My reply to the four-part question is as follows:

(a) In the past ten years, the Planning Department has received a total of 901 complaints regarding land filling activities in the rural areas of New Territories involving 708 different sites. However, the Department does not have detailed information on the sizes of sites involved.

(b) In the past ten years, no works for new town development, road construction and river training in the New Territories have turned land in the vicinity into low-lying areas. When implementing new town development projects (including land formation, road construction and river training), the Government would carry out project feasibility study and assessment as prescribed by established procedures and would implement the project in accordance with the relevant design standards and statutory requirements. Moreover, during the construction phase, adequate drainage facilities would be provided in the construction sites and in its vicinity.

Low-lying areas bordering main watercourses in the New Territories are mostly natural flood-plains and susceptible to frequent flooding. To enhance the flood relief capacity of watercourses, it is often necessary to widen and deepen these watercourses and build embankment to prevent flooding. The purpose of river training works is to alleviate flooding in flood-plains. In no circumstances will these works lead to the enlargement of low-lying areas.

(c) The majority of those who lodged complaints with the Planning Department are local residents directly affected by land filling activities. Illegal land filling activities in rural areas of the New Territories cause environmental, traffic and drainage problems such as the loss of agricultural land, air and environmental pollution, spoiling of rural landscape, blockage of access and serious flooding. All this will bring adverse impact to the lives and activities of local residents.

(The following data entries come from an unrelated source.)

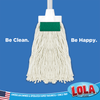Lola's Cotton Floor Wet Mop with Scuff Remover™, #2119
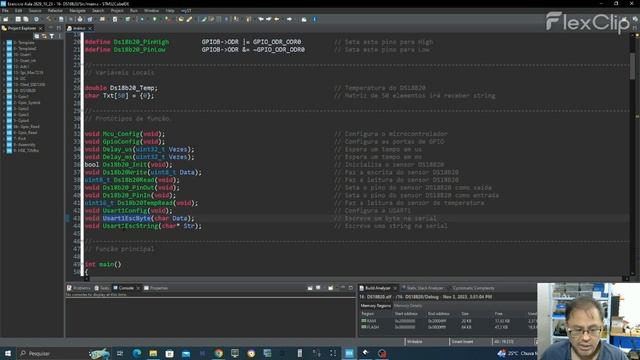 STM32F103C8T6 e Sensor DS18B20 - BareMetal смотреть онлайн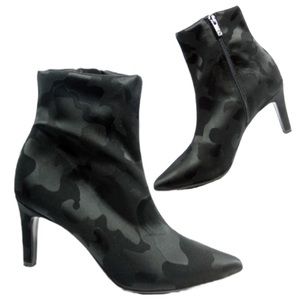 Peter Kaiser Black Camouflage Heeled Boots Size 4 / 6.5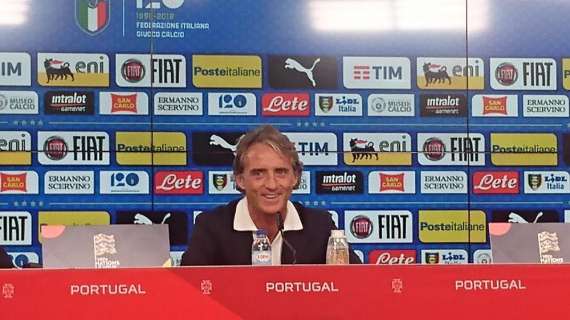 Italia, Mancini: "Proveremo a conquistare il primo posto. Dobbiamo riprendere il cammino di un mese fa. Balotelli? Nessuno è bocciato a priori"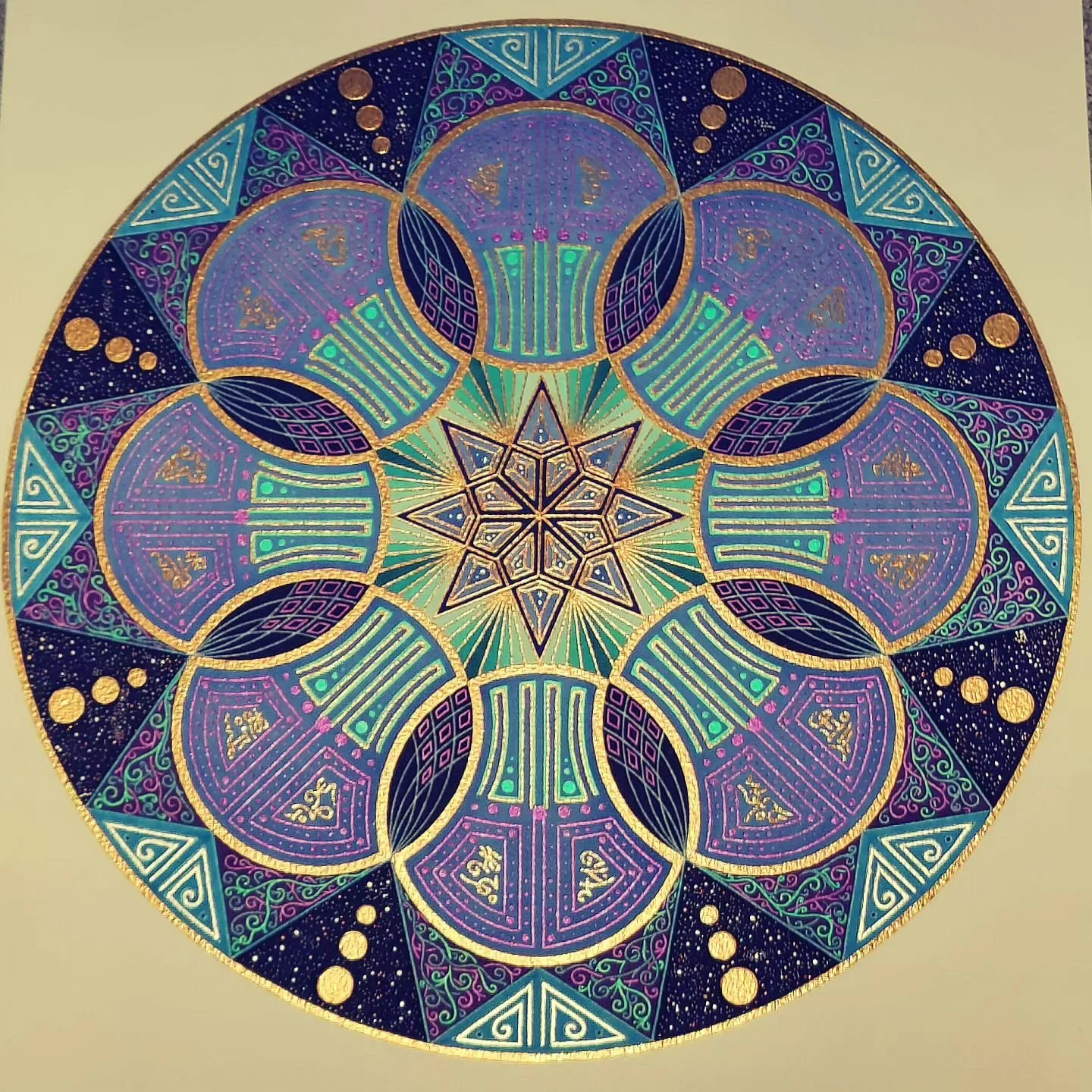 It's been a while since I have posted. If you are interested in having a unique piece of art that depicts your highest self DM me for details. #sacredgeometry #crystalgrid #soulsymbol #reiki #consciousness #oneness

To quote some examples, the large-scale land filling activity in a village in Tai Po has created dangerous slopes and threatened the safety of local residents. The serious flooding in a private housing development in Yuen Long in recent years is also mainly attributable to land filling activity in an adjacent site. This land filling activity led to the filling up of a natural watercourse within the site and as a result rainwater cannot be drained away properly.

(d) Last year, the TPB revised the "Notes" of the "Agricultural" zone in the relevant Outline Zoning Plans. The amendments stipulate that all land filling activities require prior planning permission from the TPB unless the laying of soil serves cultivation purpose and does not exceed 1.2 metres in thickness.

In preparing the amendments, the TPB took account of the comments from the relevant departments. According to the information provided by the Agriculture, Fisheries and Conservation Department, the thickness of the top soil required for cultivation of vegetables is roughly about 0.3 to 0.45 metre while that for trees is about 1 to 1.2 metres. As such, the laying of soil not exceeding 1.2 metres is adopted as the criterion for exempting planning permission. In this way, usual agricultural activities will not be affected. It is considered that such arrangement has struck a balance between the need to control illegal land filling activities and to avoid causing nuisance to bona fide agricultural activities.

As the amendment would take immediate effect upon promulgation, the Administration did not conduct public consultation before its gazetting in order not to undermine the effectiveness of the control work. Nevertheless, the Town Planning Ordinance has provided for a statutory channel under which any person could lodge an objection against the amendments to the TPB during the exhibition of the relevant plans. All objections will be considered by the TPB in accordance with the said Ordinance. The TPB will deliberate on the grounds of objections before making a final decision. During the plan exhibition period, the Planning Department has issued information papers and explained the amendments to the Heung Yee Kuk as well as the relevant District Councils and the Rural Committees.